**WHAT YOU NEED TO DO**
Print the listing below again. Change nothing.

**DATASET CONTENT**
********

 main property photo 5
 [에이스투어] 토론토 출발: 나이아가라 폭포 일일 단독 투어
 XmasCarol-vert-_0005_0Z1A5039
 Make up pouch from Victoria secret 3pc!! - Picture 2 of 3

********

**THE COMPLETED TASK**
 main property photo 5
 [에이스투어] 토론토 출발: 나이아가라 폭포 일일 단독 투어
 XmasCarol-vert-_0005_0Z1A5039
 Make up pouch from Victoria secret 3pc!! - Picture 2 of 3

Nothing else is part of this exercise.